» SOURCE DATA:
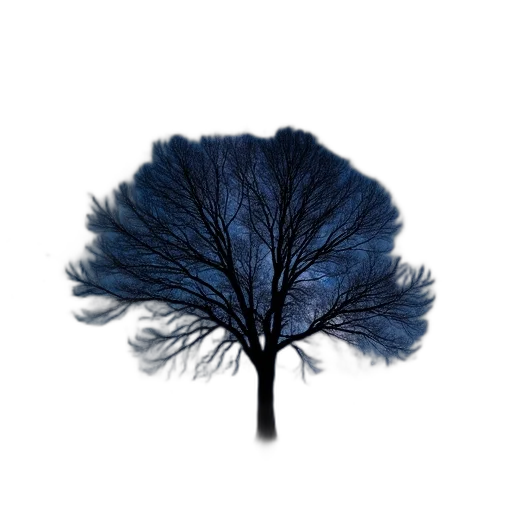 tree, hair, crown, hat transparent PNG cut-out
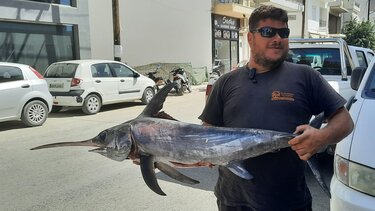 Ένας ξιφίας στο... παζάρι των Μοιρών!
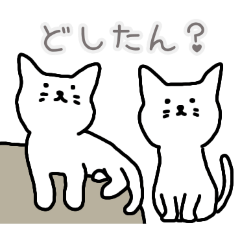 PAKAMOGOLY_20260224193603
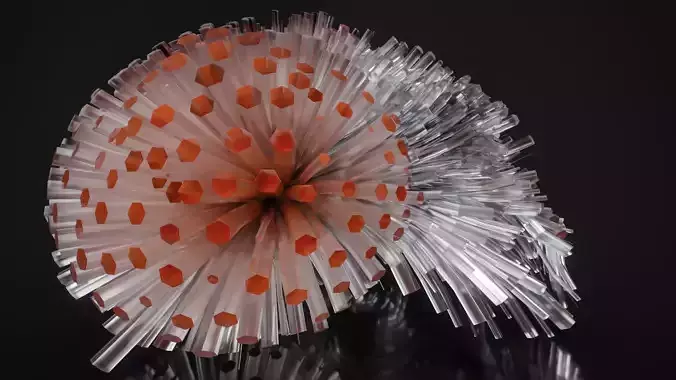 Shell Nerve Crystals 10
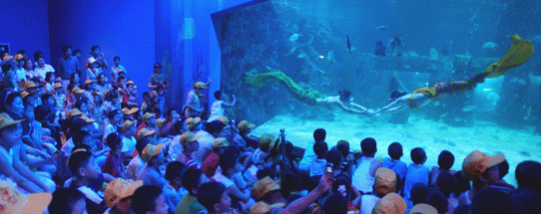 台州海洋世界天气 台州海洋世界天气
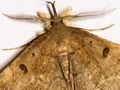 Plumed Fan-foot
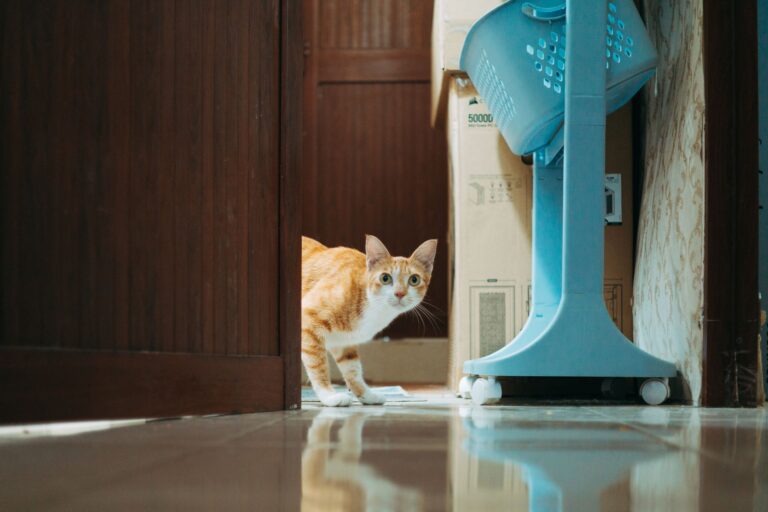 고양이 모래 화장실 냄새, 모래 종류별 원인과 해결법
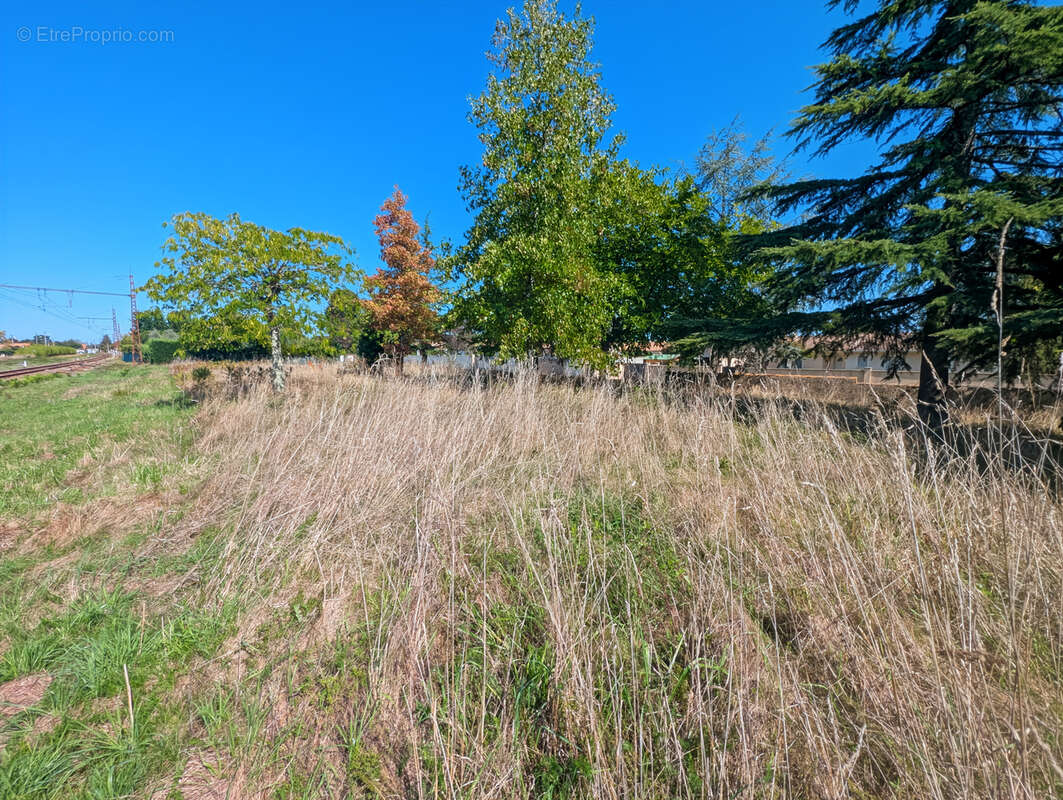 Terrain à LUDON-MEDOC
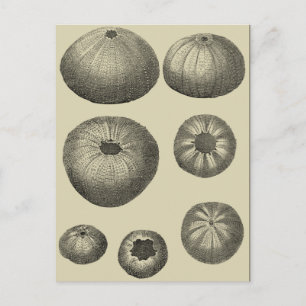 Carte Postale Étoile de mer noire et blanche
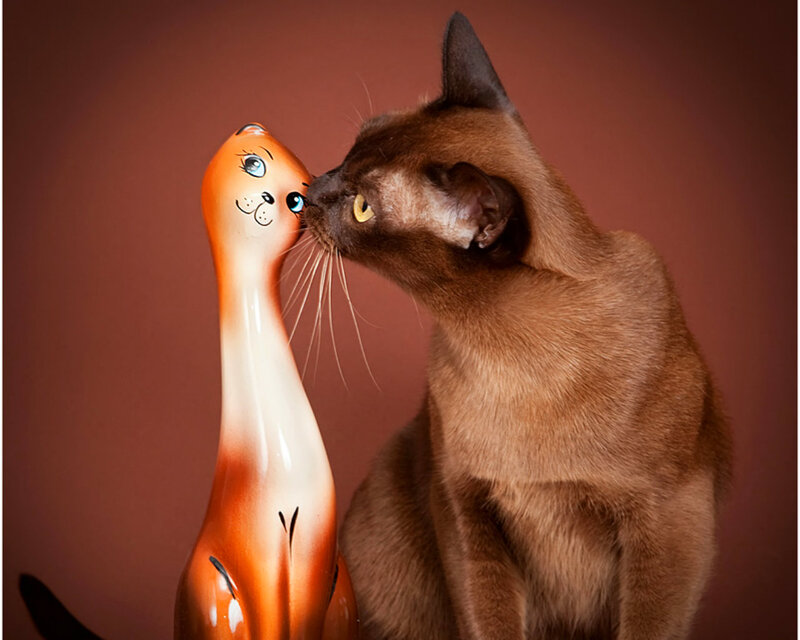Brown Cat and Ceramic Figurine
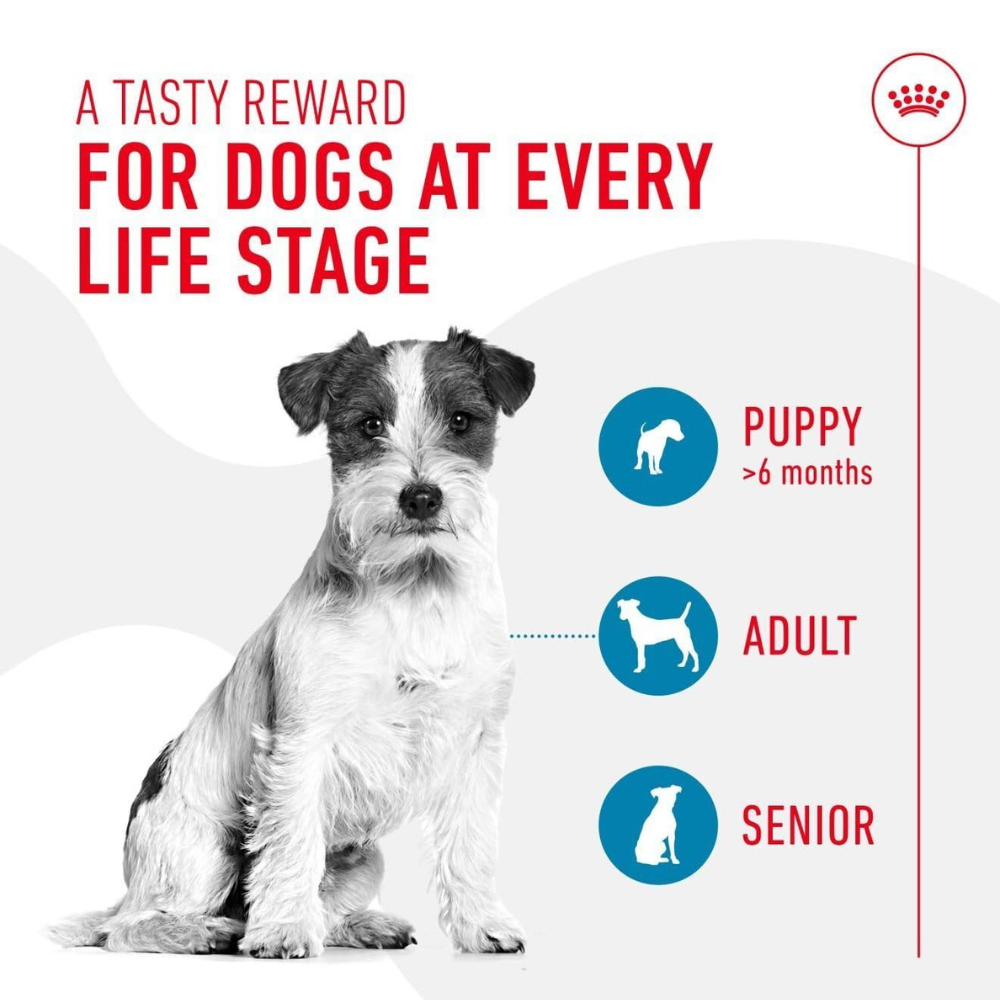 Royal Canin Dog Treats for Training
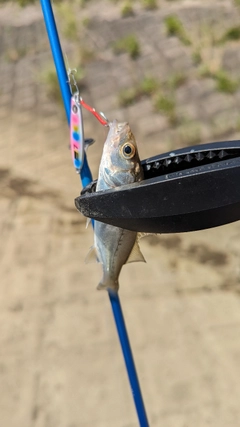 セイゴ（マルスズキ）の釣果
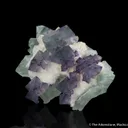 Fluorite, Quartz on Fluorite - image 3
--
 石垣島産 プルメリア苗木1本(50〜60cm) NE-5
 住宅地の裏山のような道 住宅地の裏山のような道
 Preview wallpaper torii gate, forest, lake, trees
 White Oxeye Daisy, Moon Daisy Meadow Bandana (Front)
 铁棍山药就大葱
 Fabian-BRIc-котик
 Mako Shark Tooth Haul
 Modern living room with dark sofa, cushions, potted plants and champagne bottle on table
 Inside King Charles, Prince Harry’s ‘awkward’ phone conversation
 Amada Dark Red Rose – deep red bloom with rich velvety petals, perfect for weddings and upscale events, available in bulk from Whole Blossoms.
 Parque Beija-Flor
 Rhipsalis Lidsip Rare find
---
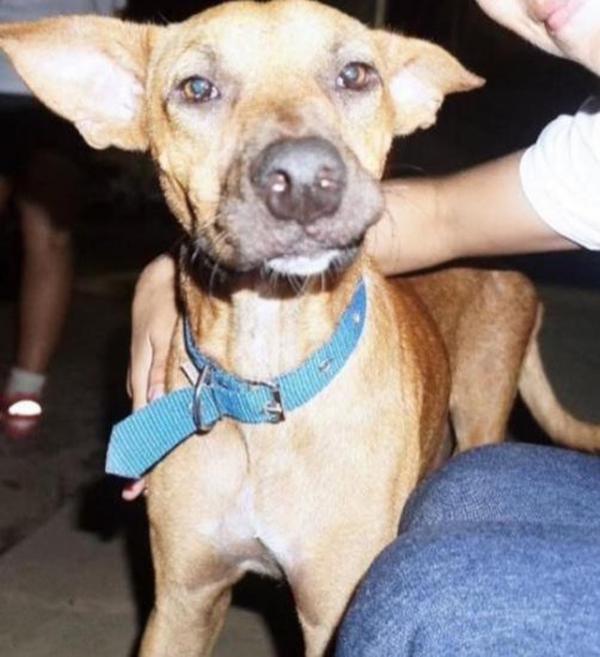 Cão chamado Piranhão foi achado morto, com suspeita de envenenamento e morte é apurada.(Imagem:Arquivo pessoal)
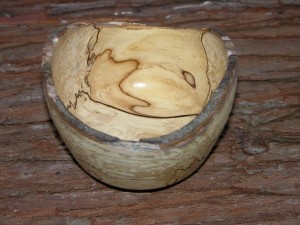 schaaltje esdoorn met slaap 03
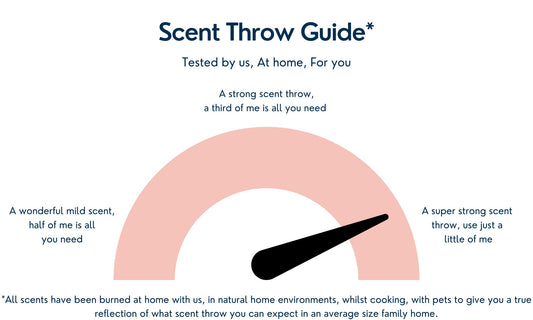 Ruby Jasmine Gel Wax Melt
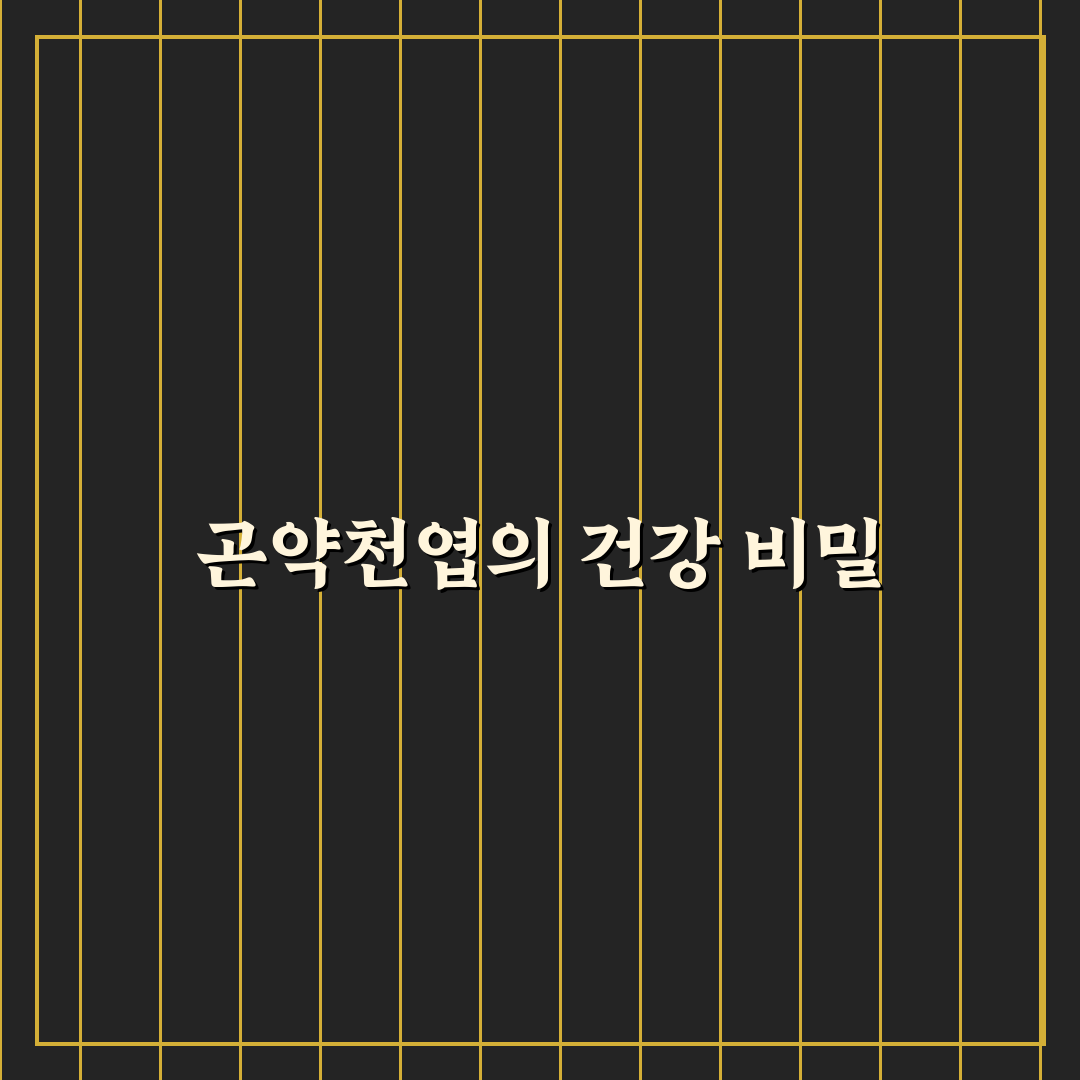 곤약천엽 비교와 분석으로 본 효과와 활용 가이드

» YOUR TASK:
From the records above, print exactly the lines that run from the line with "Amada Dark Red" to the line with "Rhipsalis Lidsip Rare find", inclusive.

» WRITTEN RESPONSE:
 Amada Dark Red Rose – deep red bloom with rich velvety petals, perfect for weddings and upscale events, available in bulk from Whole Blossoms.
 Parque Beija-Flor
 Rhipsalis Lidsip Rare find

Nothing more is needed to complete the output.